EVA operates using a bot-to-bot architecture that simulates live audio conversations, where a user simulator with a specific goal interacts with the voice agent being tested. The framework produces two primary scores: EVA-A for Accuracy, which measures task completion, faithfulness to provided information, and the fidelity of the agent's spoken audio; and EVA-X for Experience, which assesses the conciseness, progression, and turn-taking dynamics of the conversation. The initial release includes a dataset of 50 airline industry scenarios, such as flight rebooking and cancellations, and provides benchmark results for 20 different cascade and audio-native systems.

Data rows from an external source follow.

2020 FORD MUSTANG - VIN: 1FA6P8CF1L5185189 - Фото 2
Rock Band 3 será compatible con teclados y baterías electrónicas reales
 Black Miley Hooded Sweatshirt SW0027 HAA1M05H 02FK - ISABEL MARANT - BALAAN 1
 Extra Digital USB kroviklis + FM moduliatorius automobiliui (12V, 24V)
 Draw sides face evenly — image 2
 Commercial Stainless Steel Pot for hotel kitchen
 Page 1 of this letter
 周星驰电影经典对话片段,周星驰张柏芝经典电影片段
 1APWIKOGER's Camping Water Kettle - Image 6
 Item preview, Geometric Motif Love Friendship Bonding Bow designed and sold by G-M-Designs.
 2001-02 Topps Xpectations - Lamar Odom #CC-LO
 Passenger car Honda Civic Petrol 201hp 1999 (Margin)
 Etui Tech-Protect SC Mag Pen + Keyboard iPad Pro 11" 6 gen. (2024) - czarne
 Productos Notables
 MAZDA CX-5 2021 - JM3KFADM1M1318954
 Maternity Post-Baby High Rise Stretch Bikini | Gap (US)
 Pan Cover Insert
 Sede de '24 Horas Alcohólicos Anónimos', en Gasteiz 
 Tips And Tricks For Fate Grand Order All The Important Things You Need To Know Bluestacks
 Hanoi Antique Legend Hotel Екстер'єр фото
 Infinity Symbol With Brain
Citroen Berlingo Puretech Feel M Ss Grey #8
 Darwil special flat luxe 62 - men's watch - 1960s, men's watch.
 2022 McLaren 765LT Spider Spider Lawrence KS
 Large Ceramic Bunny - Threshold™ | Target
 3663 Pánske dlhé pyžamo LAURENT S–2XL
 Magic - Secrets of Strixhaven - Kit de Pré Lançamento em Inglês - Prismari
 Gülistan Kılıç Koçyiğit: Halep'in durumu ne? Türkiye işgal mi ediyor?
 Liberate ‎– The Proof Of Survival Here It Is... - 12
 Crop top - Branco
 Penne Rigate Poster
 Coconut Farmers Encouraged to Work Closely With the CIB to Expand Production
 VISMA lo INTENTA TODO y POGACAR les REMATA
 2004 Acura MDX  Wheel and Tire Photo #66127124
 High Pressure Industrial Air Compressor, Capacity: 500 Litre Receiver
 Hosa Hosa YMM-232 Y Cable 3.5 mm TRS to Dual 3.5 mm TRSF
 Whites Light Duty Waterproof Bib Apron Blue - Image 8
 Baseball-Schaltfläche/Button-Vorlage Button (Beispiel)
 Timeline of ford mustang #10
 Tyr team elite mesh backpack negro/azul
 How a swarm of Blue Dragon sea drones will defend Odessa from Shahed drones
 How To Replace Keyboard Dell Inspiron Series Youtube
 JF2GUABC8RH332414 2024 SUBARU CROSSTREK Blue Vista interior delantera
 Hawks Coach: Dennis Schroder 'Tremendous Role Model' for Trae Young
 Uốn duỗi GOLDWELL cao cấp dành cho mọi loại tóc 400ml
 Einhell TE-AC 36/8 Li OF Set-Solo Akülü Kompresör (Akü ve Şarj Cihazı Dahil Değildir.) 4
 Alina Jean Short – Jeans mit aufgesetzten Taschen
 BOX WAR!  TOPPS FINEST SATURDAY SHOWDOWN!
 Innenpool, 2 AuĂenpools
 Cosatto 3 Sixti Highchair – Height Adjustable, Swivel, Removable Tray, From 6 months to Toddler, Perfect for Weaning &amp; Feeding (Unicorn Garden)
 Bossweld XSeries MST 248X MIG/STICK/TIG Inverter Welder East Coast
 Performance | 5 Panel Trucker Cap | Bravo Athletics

The most prominent finding from the initial study is a consistent tradeoff between accuracy and experience: systems that excelled at completing tasks often provided a poor conversational experience, and vice versa. This suggests that a narrow focus on task success can lead to agents that are functionally correct but difficult for users to interact with. The results also highlight that transcribing named entities correctly remains a primary point of failure and that agents frequently struggle with multi-step workflows and consistent performance, indicating significant calibration is needed before they are ready for production use.

The documented tradeoff between accuracy and experience in voice agents means success is not just about completing a task, but about the quality of the entire interaction. Enterprises must now treat conversational design as a first-order metric, on par with functional correctness, to avoid deploying agents that are effective but unusable.